Я кивнул, пряча улыбку: легче избавиться от жвачки в волосах, смолы и герпеса, чем от комплекса вины, однако на лице Эхо, изъеденном кратерами шрамов и кровавыми язвочками, за последние дни не вызрело ни одного бутона с толстым, жемчужно-гнойным стержнем.
Странные дела творятся. С приветом. Без привета не творятся. О чём я и рассуждаю, спускаясь по лестнице:
– Как выяснилось, организовать мне чистилище очень просто, и основной элемент – не отлучение от красоты и динамики, не навязывание «ближних», которых я и «дальними» называть не желаю. Сделайте так, чтобы я себе не нравился – и готово, остальное приложится. А ведь я даже не верю в искупающую силу страданий. В подспудное влияние других на тело и душу – верю, только если сам наделяю кого-то властью.
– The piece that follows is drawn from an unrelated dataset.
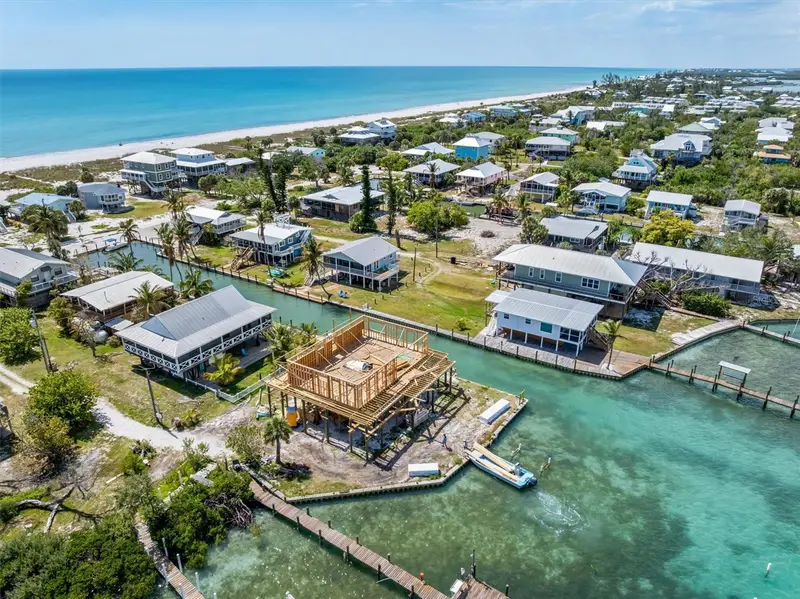 9750 Little Gasparilla Is, FL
Вот, например, тебя, любезный брат. Надеюсь, ты меня слушаешь? Однако полюбуйся: загремел в чистилище и проболтался в нём с «рождения» до «четырнадцати». Опасный период, когда всякое существо – скорей пластилин, чем мрамор. Впрочем, кто первый сказал, что в чистилище положено страдать? Чистилище, химчистка… Логично предположить, что в местах подобного рода учат смывать всё, что налипло против твоей воли, обнажать не суть, так любимую маску. Что ж, в таком случае, я недурно поработал мочалкой. Запах ментола выветрился не до конца… Или это холодок одиночества? Посмотрим, что дальше. Игровой закон: от уровня к уровню сложность возрастает.
– От уровня к уровню… – встревает призрачный брат. – От круга к кругу. И с каждым кругом температура падает на пару десятков градусов.
– Кто-то перепутал чистилище с адом? – подначиваю. – Впрочем, аллюзии на Данте неуместны.